MichaelKim0407 commented 4 years ago

Also for consistency the default setting should not trigger any false positive - which means point (1) should be off. We can probably make two different errors

plinss commented 4 years ago

Hi @MichaelKim0407, thanks for the quick response. I was just sitting down to start working a PR... I've been converting a bunch of code from .format() to f-strings and I know I've missed a few fs already. Caught them during manual cross-checks, but I'm paranoid about the ones I may have missed.

In your point (1), I presume the error should be if { and } appears in a string without an f prefix as a balanced set. Either by themselves should be OK as a literal brace in a string (I think). And unbalanced pairs are illegal in f-strings so we wouldn't want to encourage conversion in that case. I'll also ignore any strings followed by .format or % as those will be handled by the other checks.

I was planning on making this a distinct error and I'm fine with it off by default, I'll add a config option to turn it on. FS003: f-string missing prefix ok with you, or would you prefer another code? And yeah, I'm aware of {{ being a literal { so was already planning on ignoring those.

Your second point is already handled by flake8 natively: F541 f-string is missing placeholders, so I don't see any point in implementing that here.

MichaelKim0407 commented 4 years ago

In your point (1), I presume the error should be if { and } appears in a string without an f prefix as a balanced set. Either by themselves should be OK as a literal brace in a string (I think).

I was just thinking what would be easy to implement, but if you also want to check the balance, that is cool.

I'll also ignore any strings followed by .format or % as those will be handled by the other checks.

I'm not quite sure about this - my gut feeling is that each error should be logically independent so that anyone can be turned on/off without affecting others.

This can be especially problematic since the other two errors have greedy level options, so if we want this new error to respond to how the other two errors are configured, we will end up with a big if-else statement..

Also reporting two errors on one line should be totally fine - in fact flake8 does it this way (I think?), or at least it's how it wants plugins to behave.

But feel free to challenge my idea here.

FS003: f-string missing prefix

I don't have a preference, so please feel free.

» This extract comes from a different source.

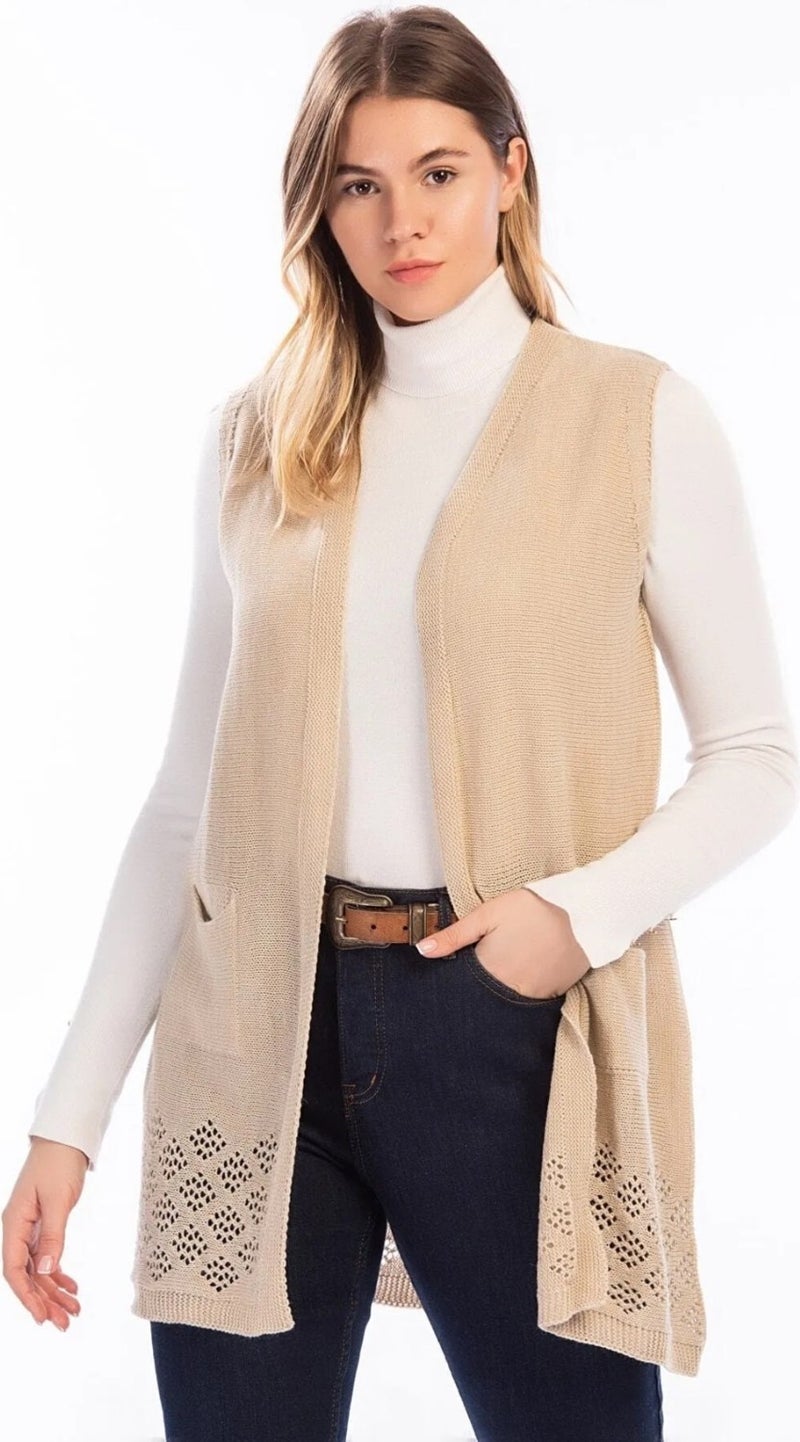 Işılda Fashion Women's Clothing Pocket Mother's Vest  - Image 1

F541 f-string is missing placeholders

Yeah I didn't realize this is already covered.

plinss commented 4 years ago

I'll also ignore any strings followed by .format or % as those will be handled by the other checks.

I'm not quite sure about this - my gut feeling is that each error should be logically independent so that anyone can be turned on/off without affecting others.

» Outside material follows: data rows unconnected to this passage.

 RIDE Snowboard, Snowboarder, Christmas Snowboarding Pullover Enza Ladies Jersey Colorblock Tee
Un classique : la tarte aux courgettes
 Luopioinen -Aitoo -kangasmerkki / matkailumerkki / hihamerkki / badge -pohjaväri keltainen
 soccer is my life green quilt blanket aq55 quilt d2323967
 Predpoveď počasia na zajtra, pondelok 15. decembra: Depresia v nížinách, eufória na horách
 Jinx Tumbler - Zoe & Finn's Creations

My thinking is that an existing ''.format() or '' % ... will already be tripping the other checks if they're enabled. It doesn't make sense to me to also say that they're 'f-strings missing a prefix' since they're not f-strings.

In my mind the intention of this check is to find something that was intended to be an f-string, but isn't because the author forgot the f. A ''.format() or '' % doesn't seem to be intended to be an f-string so why complain about the lack of a prefix?. Also, if someone adds a # noqa FS002 to keep their .format(), they shouldn't also have to add FS003 to stop if from telling them to add an f too (which would be an error if they did because it'll evaluate the f-string before passing it to .format() and they may get very different results. I'm trying to catch bugs, not encourage people to create new ones because they missed something subtle and just followed the linter's advice).

I think this actually serves your goal and keeps this check logically independent of the others. To me it's really an either-or situation, I don't see the value of reporting both because only one problem is going to be present at a time. You either have an f-string, or you don't, FS001/FS002 are for when you don't, FS003 is for when you do.

FWIW, I already have this part written, feel free to delete it (or add a switch to turn it off) if I haven't convinced you (and you get a chance to play with it).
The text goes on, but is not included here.